Film Review: The Toolbox Murders 2 (2013)

The-Toolbox-murders-2-shout-factory-bluraySYNOPSIS:

A serial killer kidnaps a young woman and forces her to witness his crimes.

REVIEW:

A gruelling bloodbath, The Toolbox Murders 2 has some interesting ideas but they are swamped by a tidal wave of sadism, brutality and gore. On top of that there are numerous signs of a troubled production leading to a jumbled mess of a story.

In Hollywood, California a young woman is brutally murdered in her apartment by a home invader. Her sister Samantha (Chauntal Lewis) starts to assist the detective leading the investigation but is herself abducted by the killer.
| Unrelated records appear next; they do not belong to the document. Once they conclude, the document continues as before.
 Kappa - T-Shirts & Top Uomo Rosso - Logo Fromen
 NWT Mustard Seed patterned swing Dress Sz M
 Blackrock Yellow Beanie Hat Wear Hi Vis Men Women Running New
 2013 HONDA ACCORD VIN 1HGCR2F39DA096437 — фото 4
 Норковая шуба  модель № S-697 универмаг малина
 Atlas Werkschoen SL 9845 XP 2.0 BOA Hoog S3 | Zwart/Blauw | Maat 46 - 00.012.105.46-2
Kept caged in his house of horrors, Samantha is forced to watch as the killer tortures, murders, dismembers and even eats what seems like half of the population of California.

And as far as the plot goes, that’s pretty much it. At times Samantha appears to be developing a Stockholm Syndrome-like relationship with her captor but this is never properly developed. Similarly, we occasionally follow Detective Cole (Brian Krause, from the Mick Garris-helmed adaptation of Stephen King’s SLEEPWALKERS) in his investigation – which centers on Freddie (Kyle Morris) and his relationship with both sisters – but these scenes come and go without resolution.
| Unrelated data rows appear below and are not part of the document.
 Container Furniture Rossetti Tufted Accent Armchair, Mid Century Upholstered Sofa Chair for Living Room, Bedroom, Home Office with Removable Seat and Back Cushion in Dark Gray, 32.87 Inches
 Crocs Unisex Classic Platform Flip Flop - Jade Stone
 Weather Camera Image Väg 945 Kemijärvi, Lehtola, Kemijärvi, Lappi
This narrative confusion is present throughout the film. Indeed it begins with a close up of a newspaper report of the notorious Black Dahlia case of 1947 before jumping to 1958 and a quintessentially noir-ish detective in a trenchcoat lighting a cigarette and walking the mean streets of LA. That subsequently morphs into the present day and the detective is never seen again. We then meet a young woman who may or may not be being stalked by someone. The camera follows her to her apartment where the woman’s roommate is murdered; despite being a material witness to the crime, we never see the woman again. These are just two of several characters are introduced only to disappear, never to return including the prominently-billed Clifton Powell as Detective Wehage, who gets about four minutes of screen time.

In short, the film is a terrible mess and bears all the hallmarks of a difficult production history. It seems quite plain that the film has been through many stages, during which original ideas and intentions were ditched, rewritten or otherwise mucked about with. The net result is that the film is part serial killer / detective movie, part torture P*rn, part slasher flick and part Hollywood satire; in other words a great big bloody ball of confusion. There are plenty of links to Tobe Hooper’s 2004 remake of THE TOOLBOX MURDERS but somehow COFFIN BABY doesn’t seem to fit together with its predecessor; perhaps that’s because those links seem gratuitous and tacked-on rather than organic.

Evidently the decision was made at some point to jettison the mangled narrative completely in favour of all out gore and I can’t deny that writer-director Dean C. Jones throws in everything bar the kitchen sink. The body count is astronomical and the violence perpetrated is very tough to sit through, as we and Samantha are obliged to do. The special effects are excellent and I really take my hat off to the FX guys because they must have been working overtime on this one.

I will confess though that it made me feel very uncomfortable. I wouldn’t consider myself to be squeamish but there is something relentless about The Toolbox Murders 2 that I really didn’t enjoy. It’s the kind of movie that if your parents accidentally found it in your collection and, god forbid, put it on they would be genuinely worried about you. I’d like to think that Jones is trying to make some point about the brutalizing effect of screen violence or perhaps the way it is consumed by the viewer but, like other such films before it, any good intention is simply swept away by the tide of blood.

Completely unforgiving and entirely visceral, “Toolbox Murders 2” offers up an over the top extreme sequel to the original film of same name. Our primary villain, aka Toolbox murderer aka Coffin Baby takes a fashion influence borrowing from both the Phantom of the Opera and Dark Man as a loner psychopath who’s only intention in life seems to be to desecrate, kill, torture, eat, and dismember just about anything and everything. It’s hard core extreme horror presented in gory full color….. dig in and don’t say I didn’t warn ya!

The Toolbox Murders 2 is now available on bluray per Shout Factory

2 comments

  1. michelle taylor

    hey
    so I just watched coffin baby after years of trying to find it under the name tbk: toolbox murders 2. annoying much. and im really confused im a die hard horror fan and this story is just so confusing I’ve been trawling the internet for the past 2 days and can find no information I know its hard but some one must understand it. I don’t understand what the baby has to do with it or the blanket he drops at the end or the little girl ghost he doesn’t kill kids if some one could enlighten me that would be great.